Available tasks are defined as tasks that have not been completed and have no incomplete upstream tasks. On each iteration, available tasks are queried for task units one by one, and the crew will dispatch the task unit to the worker that the task provides.
When a task unit is dispatched, the crew adds it to the knowledge graph and calls the task’s on_unit_dispatch
method. When the worker finishes processing the task unit, the crew calls the task’s on_unit_completion
method.
Now that you know the basics, we suggest you check out the research agent example to see how it all works together.
Asynchronous execution
Motleycrew supports asynchronous execution of task units. In this mode, the crew does not wait for the completion of a task unit before searching for others. Instead, it searches and queues the task units in an infinite loop till the queue is empty and no tasks are returning units.
Note that the dispatching process is always synchronous, so a task’s get_next_unit
method can be called only
after the previous unit is marked as pending and added to the knowledge graph and the execution queue.

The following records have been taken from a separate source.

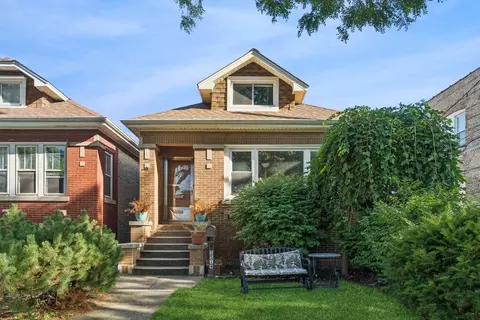 5514 W Newport Ave, Chicago, IL 60641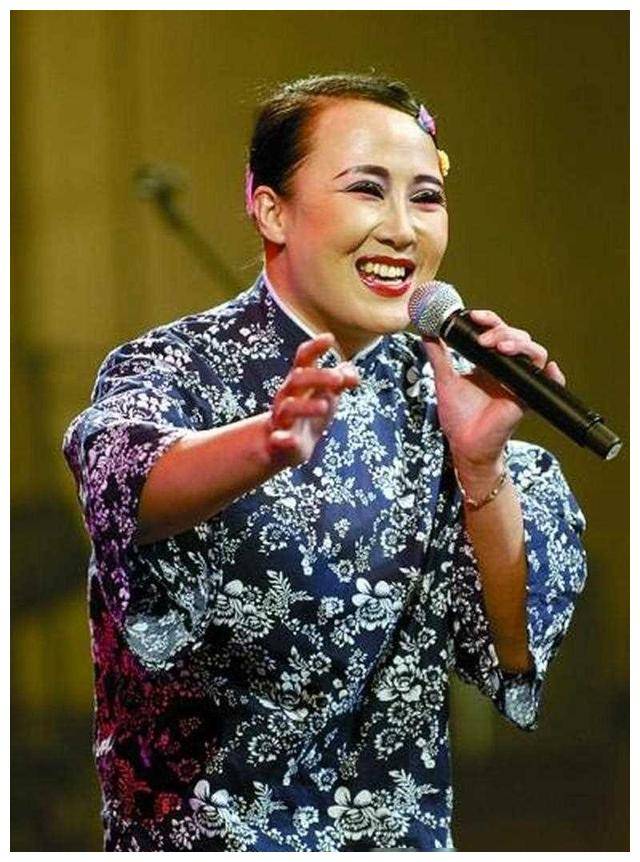 孙立荣:赵本山第一位女徒弟,上过春晚,嫁富豪丈夫被宠成公主_生活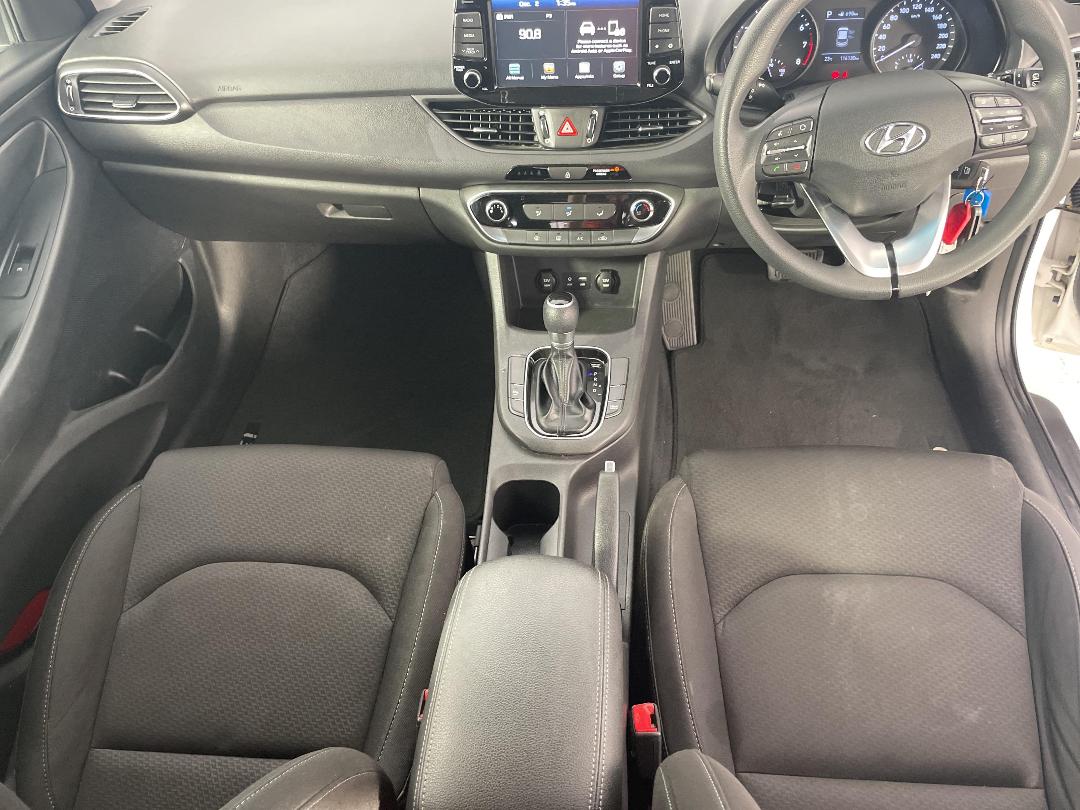 Photo '18' of Hyundai I30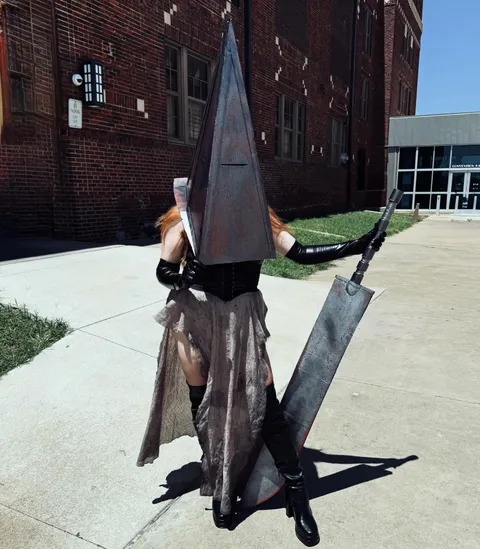 Lady Pyramid Head cosplay i recently wore to a con! 💜 [self]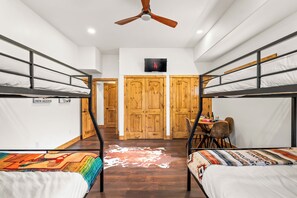 5 Schlafzimmer, Bügeleisen/Bügelbrett, WLAN, Bettwäsche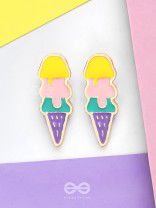 SCOOP 'N SPARKLE - GOLDEN EMBELLISHED STUD EARRINGS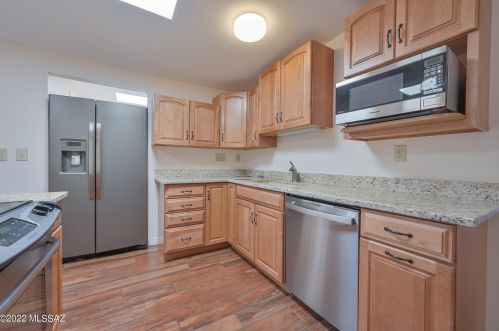 8105 Beverly St, Tucson AZ 85710-5929 exterior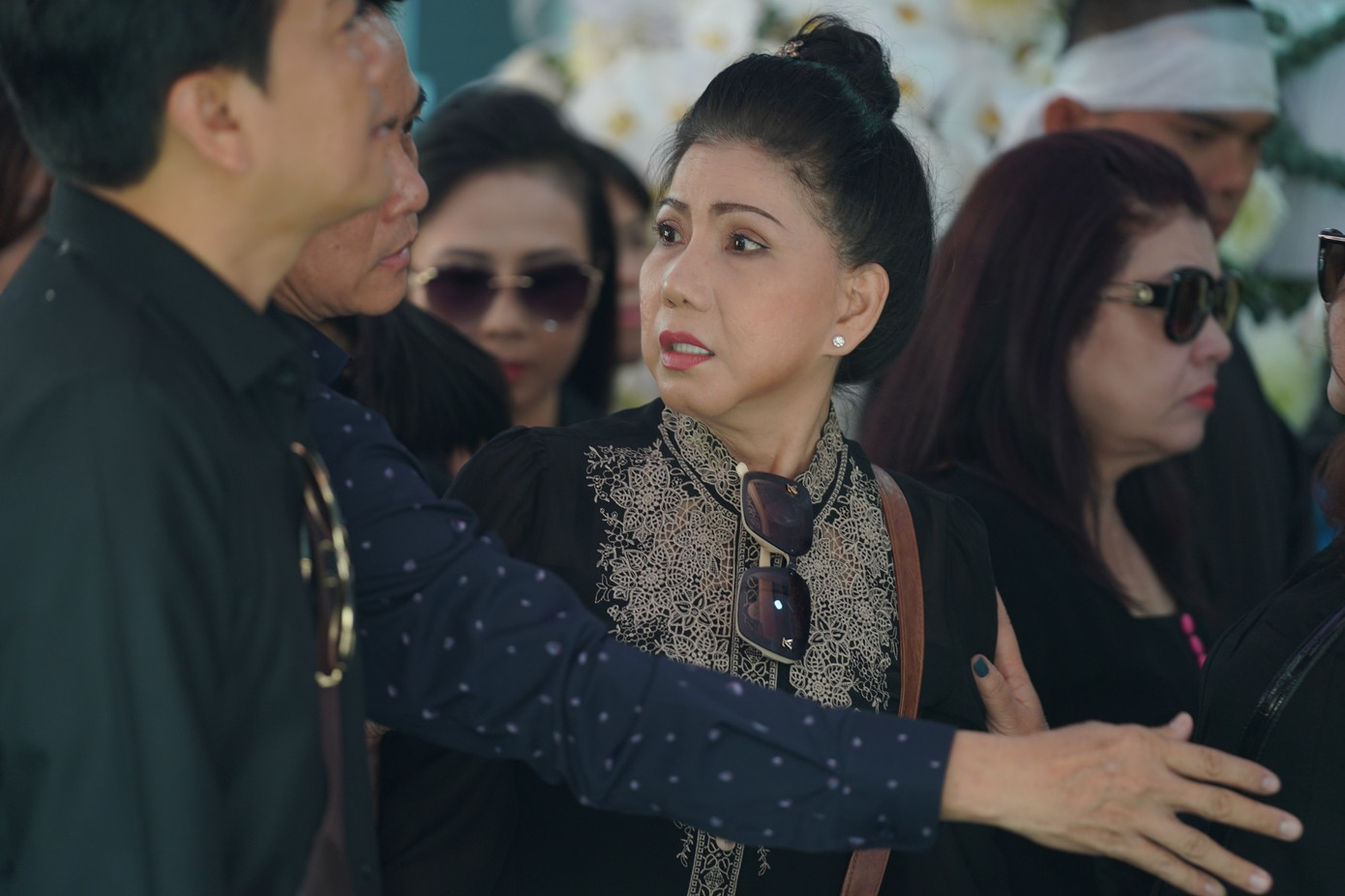 NSƯT Phượng Loan đến tiễn người anh lớn trong nghề.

So a task can generate new units based on what units have already been dispatched.
Motleycrew implements this behavior with 2 backends: asyncio
and threading
. Feel free to make a feature request
if your needs call for some other backend.
from motleycrew.common import AsyncBackend
crew = MotleyCrew(async_backend=AsyncBackend.ASYNCIO) # or AsyncBackend.THREADING
crew.run()
Also, you should specify if a task’s units can be executed in parallel to each other, by providing
allow_async_units=True
to the __init__
method of the Task
class. Otherwise, this task’s
units will be only run in parallel to other tasks’ units.